Possibly The Best Thing On TV Since Spring Break Shark Attack

People, have you been watching Harper’s Island? Because holycrapyoumust. When I saw the previews, I thought it actually seemed like it could be a cool show, and a neat concept…an eight week long (or whatever it is) murder mystery, very Agatha Christie. And for those of us with the attention span of a what was I talking about again?, I liked the fact that it’s pre-packaged with an end date, so you know ahead of time that you won’t watch for endless hours wondering where the hell it’s going (are you listening, LOST?).
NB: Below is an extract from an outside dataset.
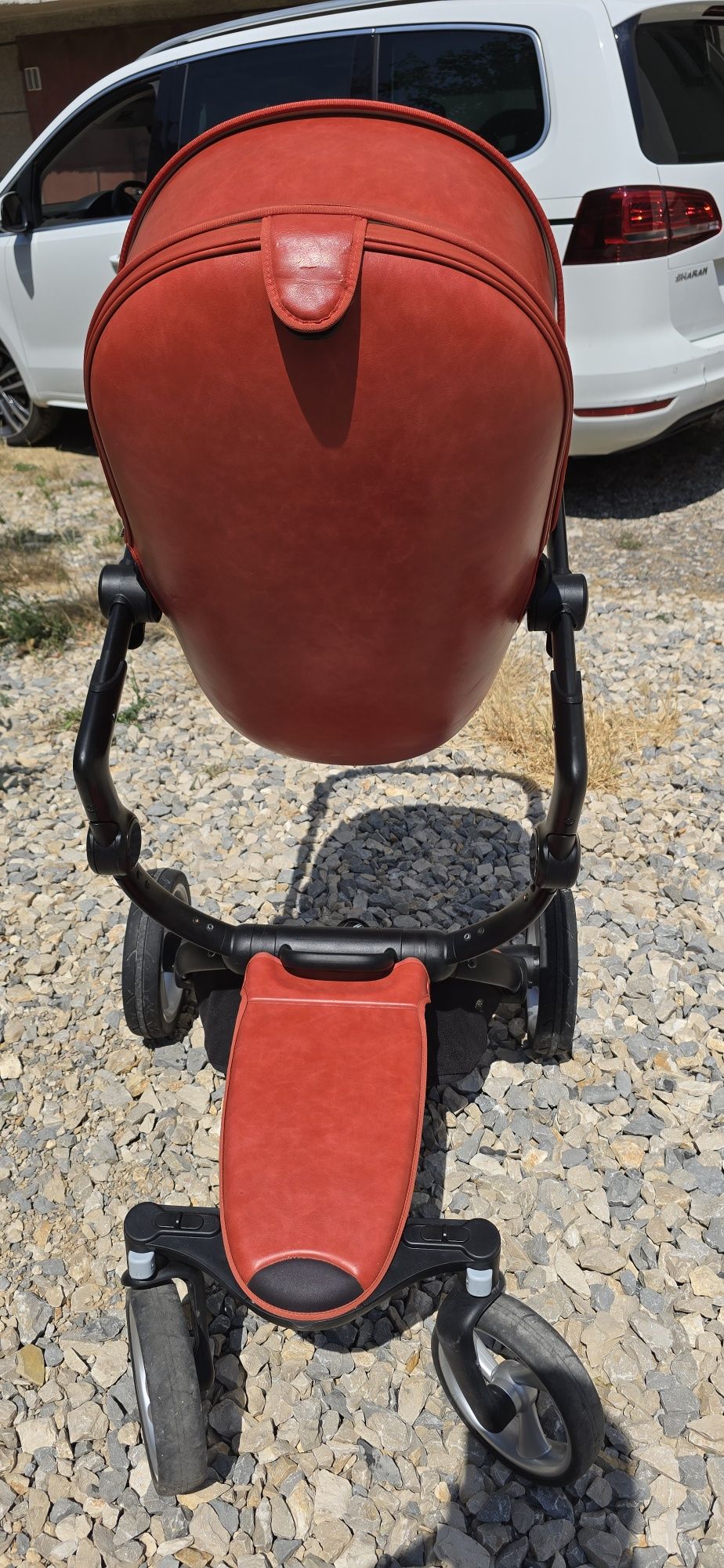Бебешка количка 2в1 Mima Xari sicilian red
Well, it’s not a cool show. I mean, it is, but only because it’s so fabulously, tackily, soapily terrible. On the first episode (spoilers! if you care!) the bridal party was about to leave for a week on the island where seven years ago a crazy person killed a bunch of people blah blah scary music. Before they set sail for The Island That In Reality Nobody Would Ever Go Back To, they’re casually wondering where cousin Eddie is. Anyone seen him? Hmm, oh well, more champagne? Must’ve been a second cousin, because they’re anchors away, and OH SNAP, Eddie is totally strapped to the propeller. Bye buddy. The least they could’ve done is text you before they took off.

Also, in the first episode, the drunk uncle (Harry Hamlin!) is staggering across a rickety bridge in the middle of the woods in the middle of the night. The bridge breaks, his legs fall through, and as he’s trying to pull himself up, his TORSO IS DEMOLISHED! Well, naturally. Because apparently the mystery killer is a T-Rex.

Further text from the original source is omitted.